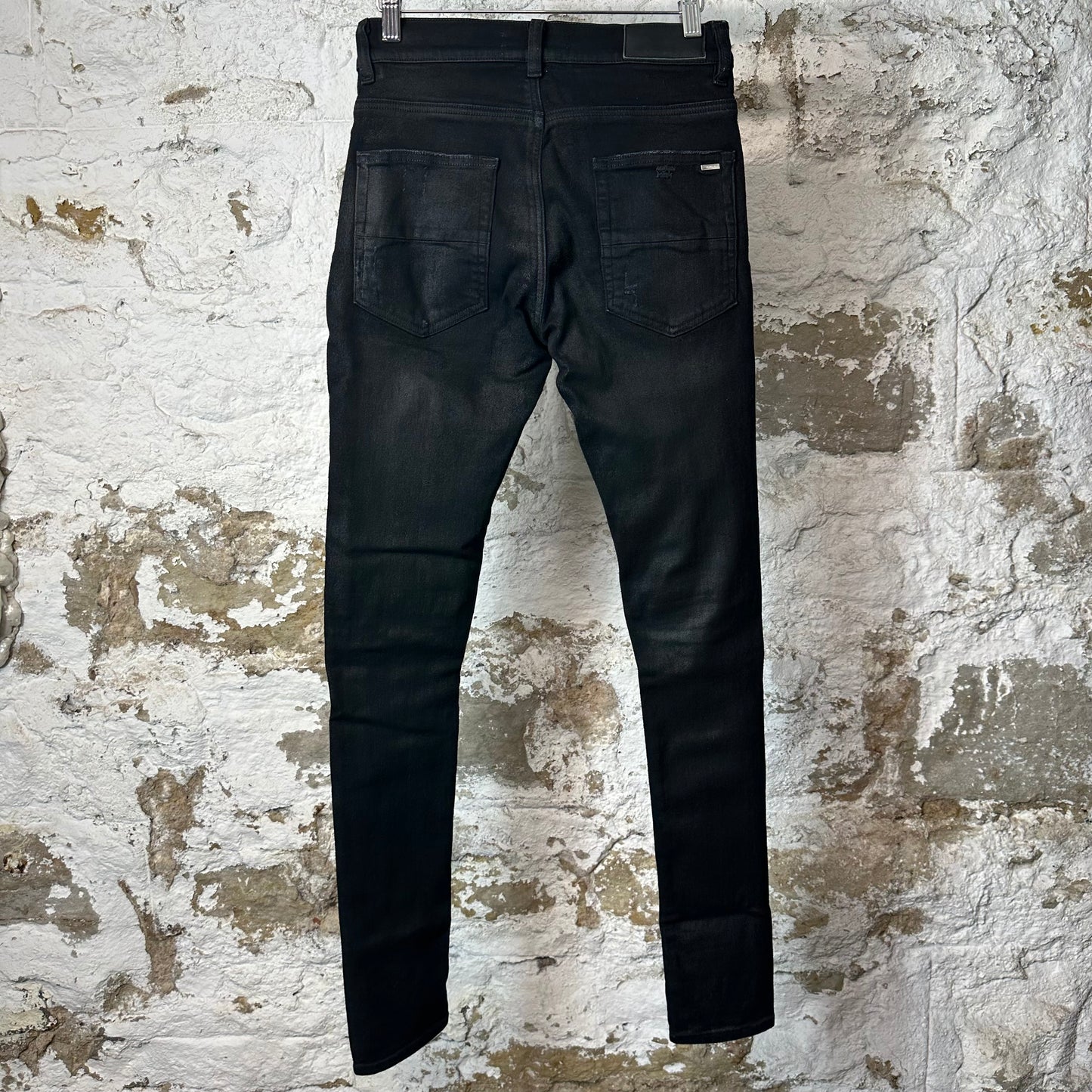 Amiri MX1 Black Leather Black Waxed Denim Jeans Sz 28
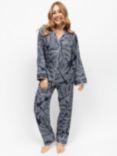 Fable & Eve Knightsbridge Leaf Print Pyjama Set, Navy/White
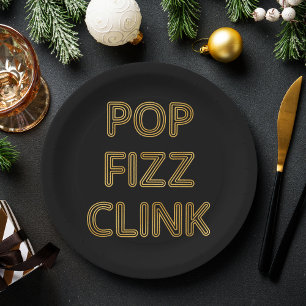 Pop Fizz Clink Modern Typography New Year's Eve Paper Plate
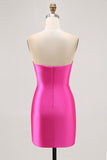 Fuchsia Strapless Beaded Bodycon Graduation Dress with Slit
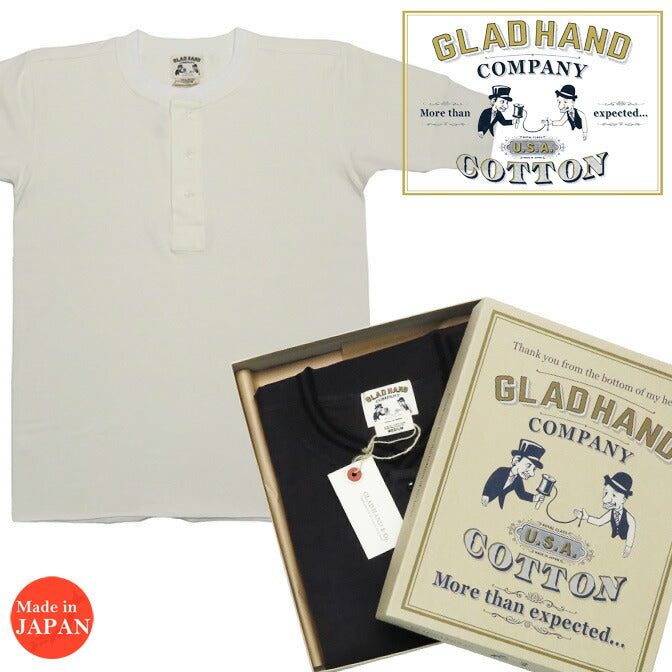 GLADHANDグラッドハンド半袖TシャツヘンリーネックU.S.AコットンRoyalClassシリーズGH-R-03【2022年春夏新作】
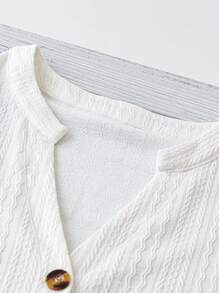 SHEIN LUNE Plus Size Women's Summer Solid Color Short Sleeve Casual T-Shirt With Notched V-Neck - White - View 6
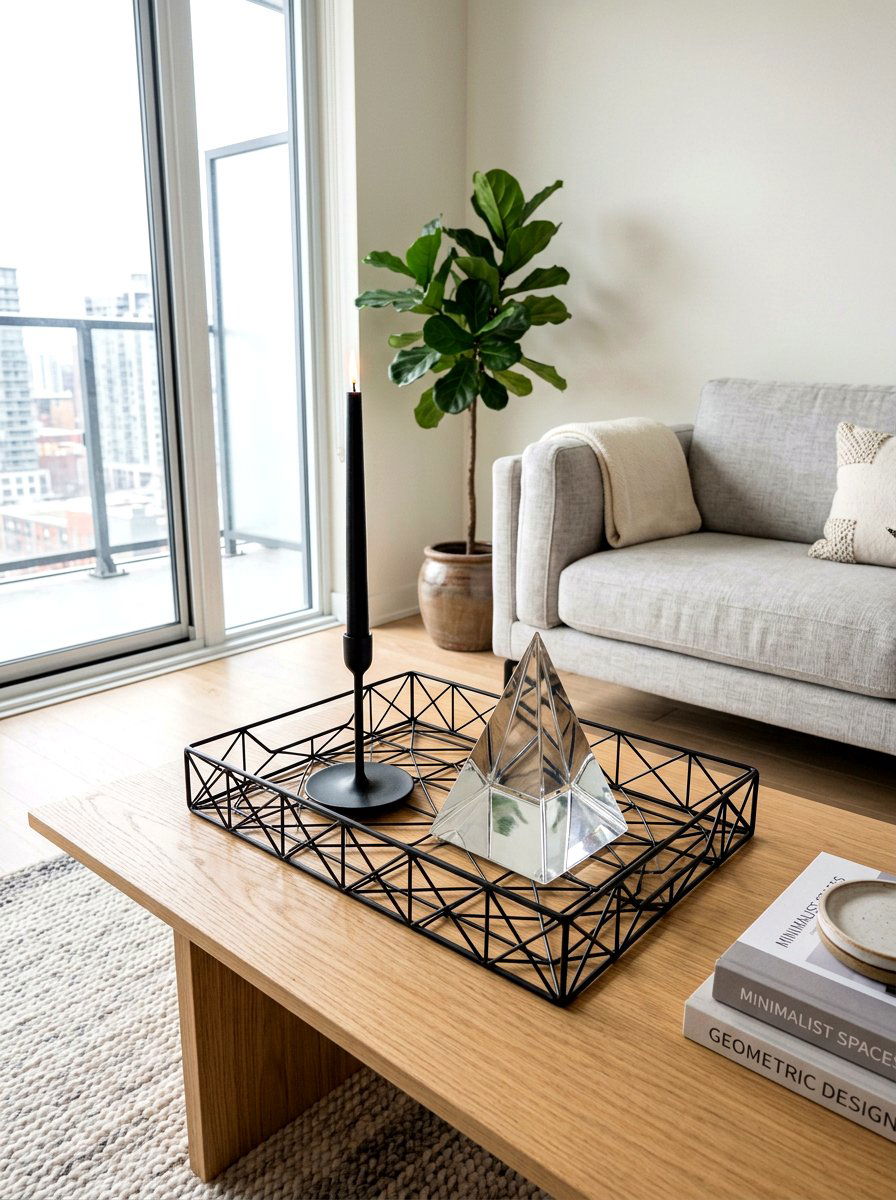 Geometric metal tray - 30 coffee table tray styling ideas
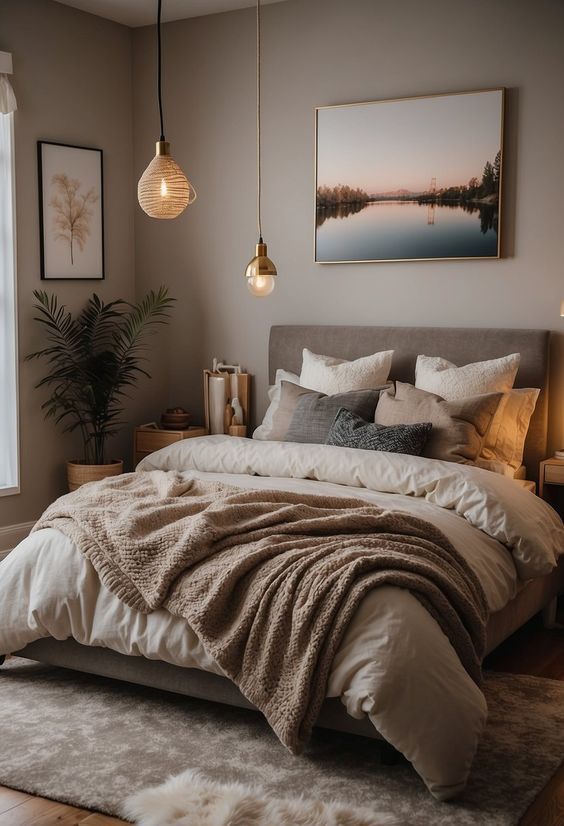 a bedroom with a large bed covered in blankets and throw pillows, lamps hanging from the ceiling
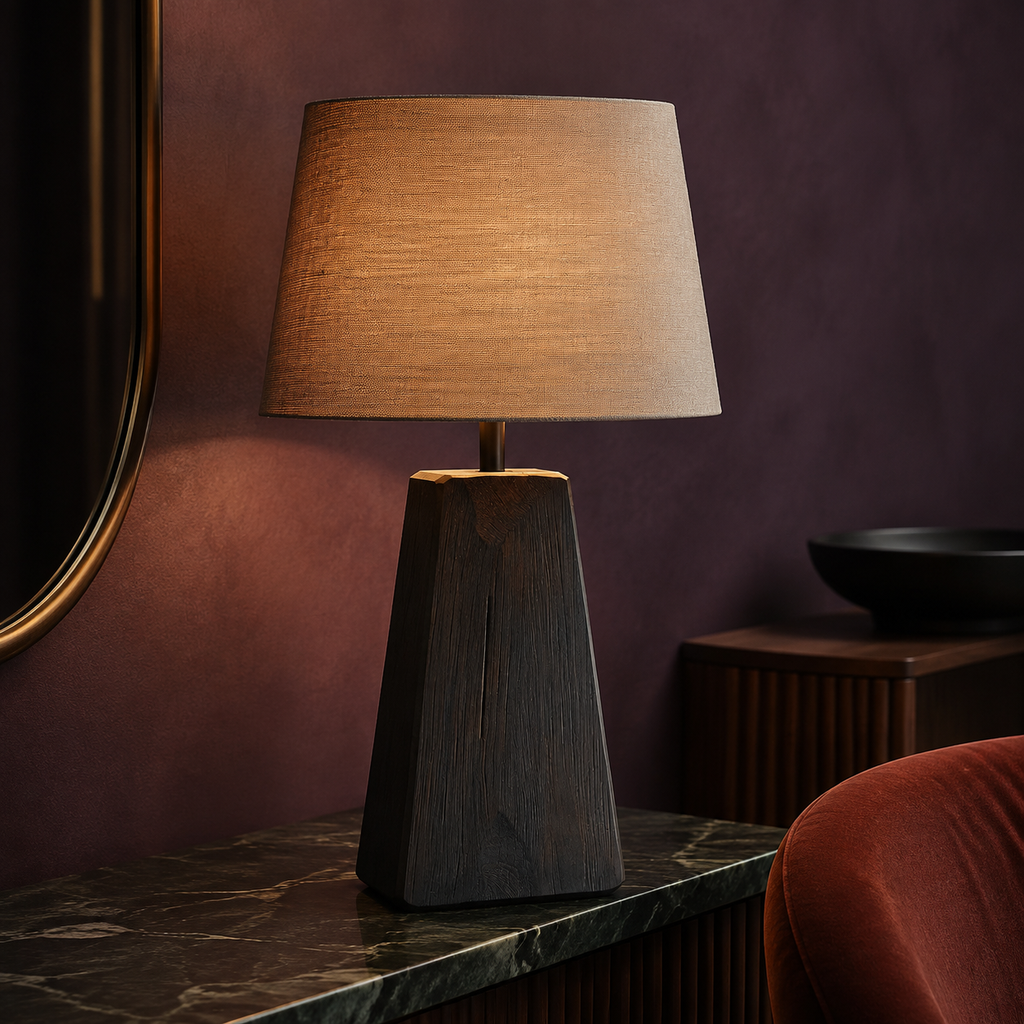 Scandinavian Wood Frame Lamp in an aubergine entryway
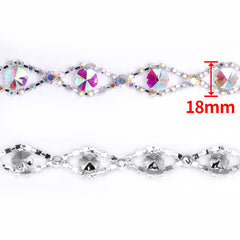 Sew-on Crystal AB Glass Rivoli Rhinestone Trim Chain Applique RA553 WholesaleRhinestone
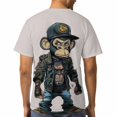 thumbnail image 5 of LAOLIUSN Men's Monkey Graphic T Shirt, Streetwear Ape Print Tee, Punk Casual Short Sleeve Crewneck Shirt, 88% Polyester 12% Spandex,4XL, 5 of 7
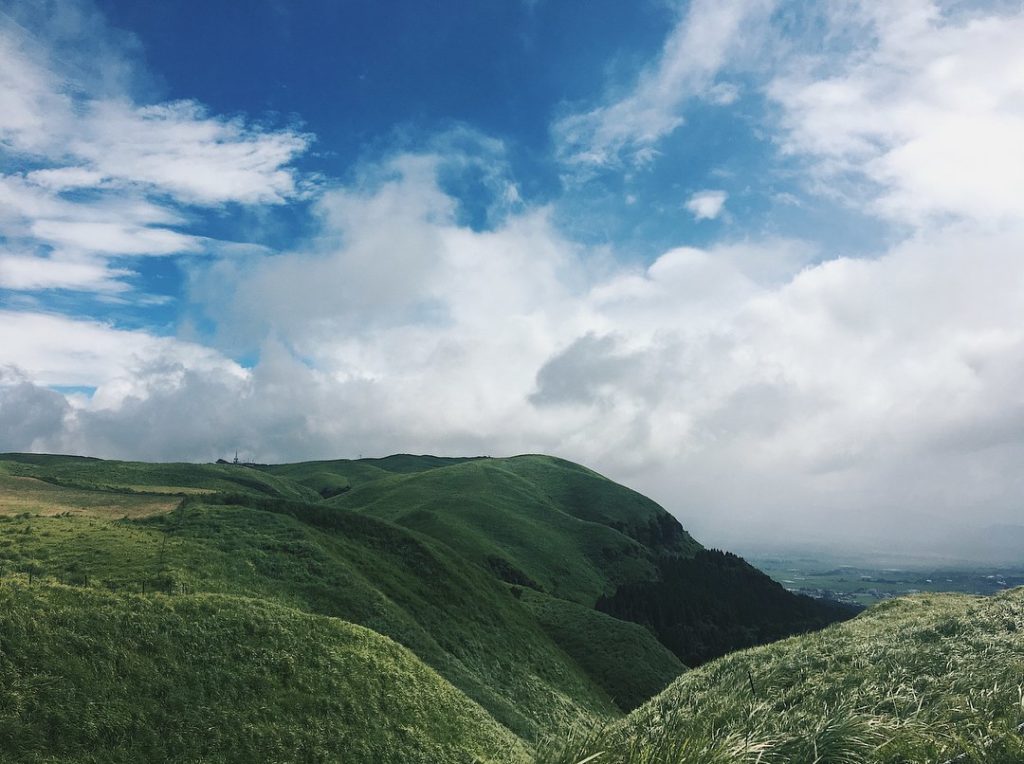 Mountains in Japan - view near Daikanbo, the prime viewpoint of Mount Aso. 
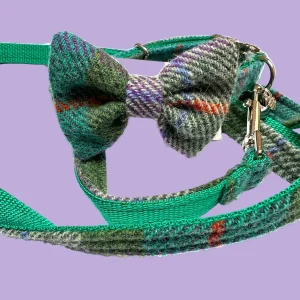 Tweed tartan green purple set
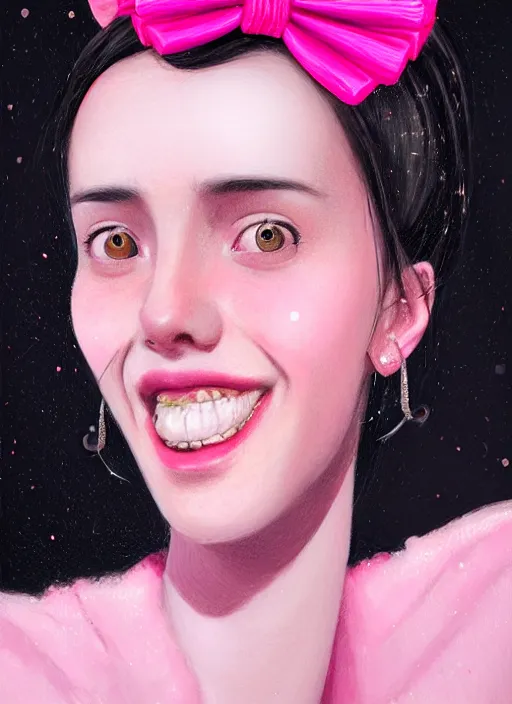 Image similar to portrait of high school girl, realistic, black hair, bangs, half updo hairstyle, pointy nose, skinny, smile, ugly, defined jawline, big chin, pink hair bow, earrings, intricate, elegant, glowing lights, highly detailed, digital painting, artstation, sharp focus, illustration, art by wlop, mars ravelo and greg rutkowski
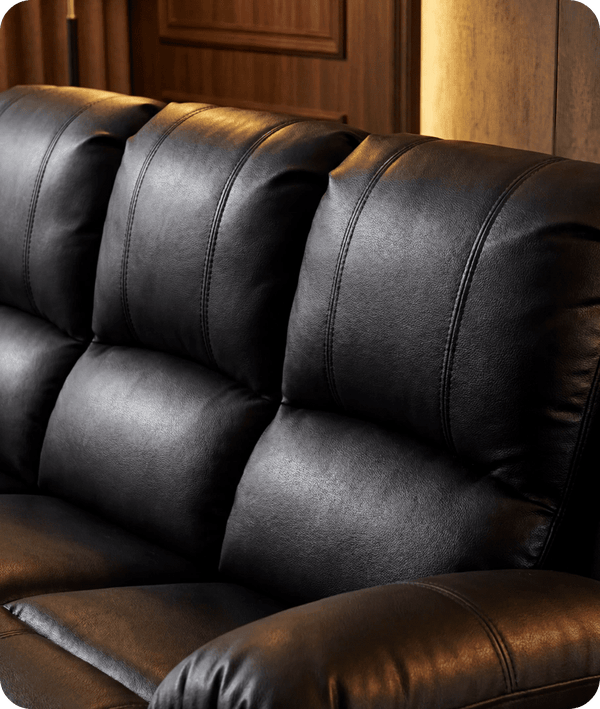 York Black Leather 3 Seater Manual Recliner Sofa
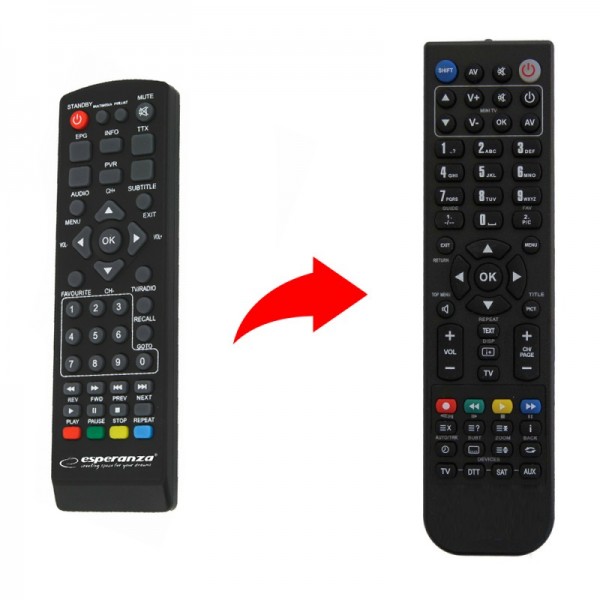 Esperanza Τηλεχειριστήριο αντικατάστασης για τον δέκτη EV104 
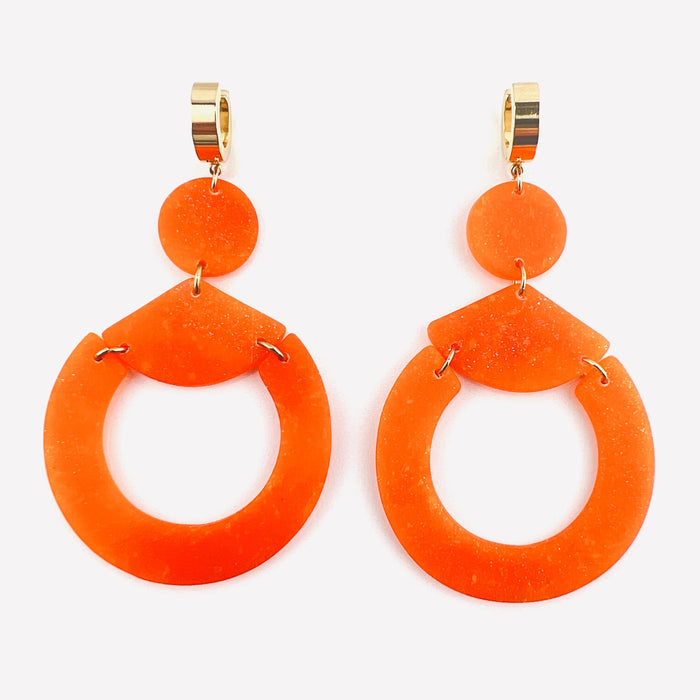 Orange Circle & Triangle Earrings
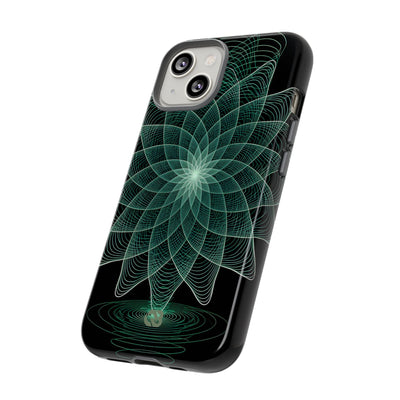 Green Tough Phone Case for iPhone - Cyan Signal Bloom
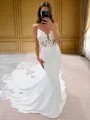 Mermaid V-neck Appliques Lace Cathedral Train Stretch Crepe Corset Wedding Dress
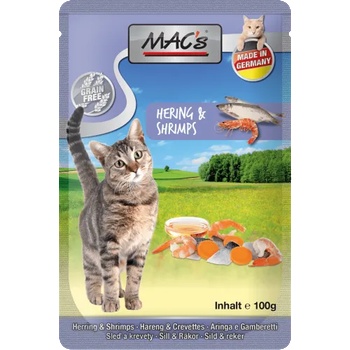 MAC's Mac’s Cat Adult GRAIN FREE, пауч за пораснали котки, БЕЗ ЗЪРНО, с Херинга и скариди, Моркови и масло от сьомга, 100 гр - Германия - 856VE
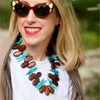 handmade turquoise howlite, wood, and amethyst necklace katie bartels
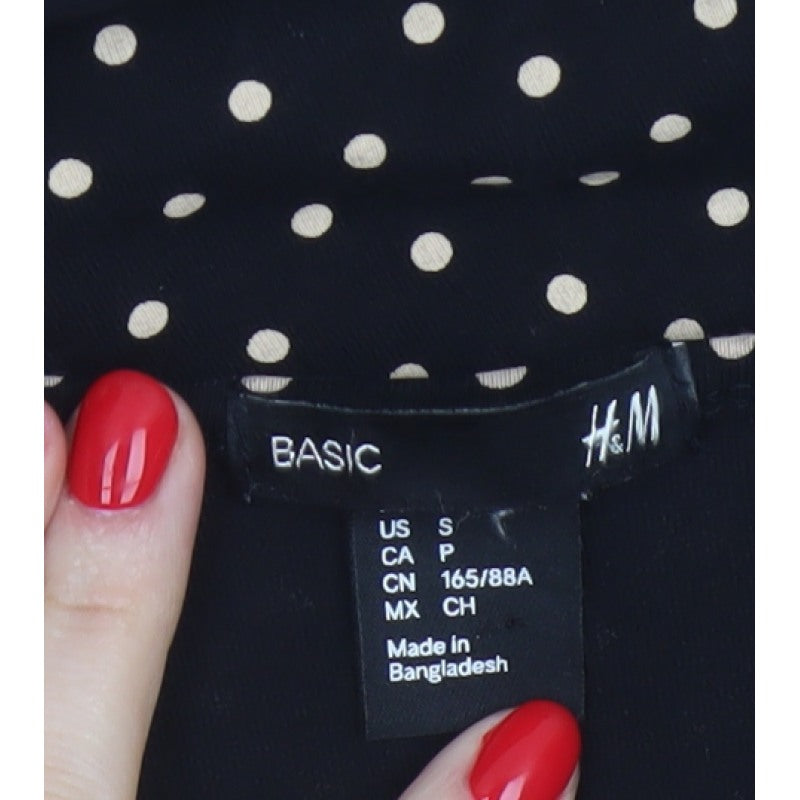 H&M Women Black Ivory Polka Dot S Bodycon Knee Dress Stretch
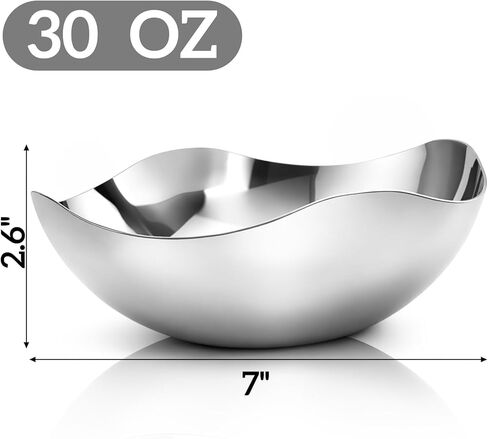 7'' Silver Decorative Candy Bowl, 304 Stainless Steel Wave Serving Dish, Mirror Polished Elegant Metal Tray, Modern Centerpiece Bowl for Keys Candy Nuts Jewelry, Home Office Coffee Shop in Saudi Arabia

*Instructions to follow:*
When copying the entries, drop the images and keep every line exact.

*Exercise answer:*
 Amiri MX1 Black Leather Black Waxed Denim Jeans Sz 28
 Fable & Eve Knightsbridge Leaf Print Pyjama Set, Navy/White
 Pop Fizz Clink Modern Typography New Year's Eve Paper Plate
 Fuchsia Strapless Beaded Bodycon Graduation Dress with Slit
 GLADHANDグラッドハンド半袖TシャツヘンリーネックU.S.AコットンRoyalClassシリーズGH-R-03【2022年春夏新作】
 SHEIN LUNE Plus Size Women's Summer Solid Color Short Sleeve Casual T-Shirt With Notched V-Neck - White - View 6
 Geometric metal tray - 30 coffee table tray styling ideas
 a bedroom with a large bed covered in blankets and throw pillows, lamps hanging from the ceiling
 Scandinavian Wood Frame Lamp in an aubergine entryway
 Sew-on Crystal AB Glass Rivoli Rhinestone Trim Chain Applique RA553 WholesaleRhinestone
 thumbnail image 5 of LAOLIUSN Men's Monkey Graphic T Shirt, Streetwear Ape Print Tee, Punk Casual Short Sleeve Crewneck Shirt, 88% Polyester 12% Spandex,4XL, 5 of 7
 Mountains in Japan - view near Daikanbo, the prime viewpoint of Mount Aso. 
 Tweed tartan green purple set
 Image similar to portrait of high school girl, realistic, black hair, bangs, half updo hairstyle, pointy nose, skinny, smile, ugly, defined jawline, big chin, pink hair bow, earrings, intricate, elegant, glowing lights, highly detailed, digital painting, artstation, sharp focus, illustration, art by wlop, mars ravelo and greg rutkowski
 York Black Leather 3 Seater Manual Recliner Sofa
 Esperanza Τηλεχειριστήριο αντικατάστασης για τον δέκτη EV104 
 Orange Circle & Triangle Earrings
 Green Tough Phone Case for iPhone - Cyan Signal Bloom
 Mermaid V-neck Appliques Lace Cathedral Train Stretch Crepe Corset Wedding Dress
 MAC's Mac’s Cat Adult GRAIN FREE, пауч за пораснали котки, БЕЗ ЗЪРНО, с Херинга и скариди, Моркови и масло от сьомга, 100 гр - Германия - 856VE
 handmade turquoise howlite, wood, and amethyst necklace katie bartels
 H&M Women Black Ivory Polka Dot S Bodycon Knee Dress Stretch
 7'' Silver Decorative Candy Bowl, 304 Stainless Steel Wave Serving Dish, Mirror Polished Elegant Metal Tray, Modern Centerpiece Bowl for Keys Candy Nuts Jewelry, Home Office Coffee Shop in Saudi Arabia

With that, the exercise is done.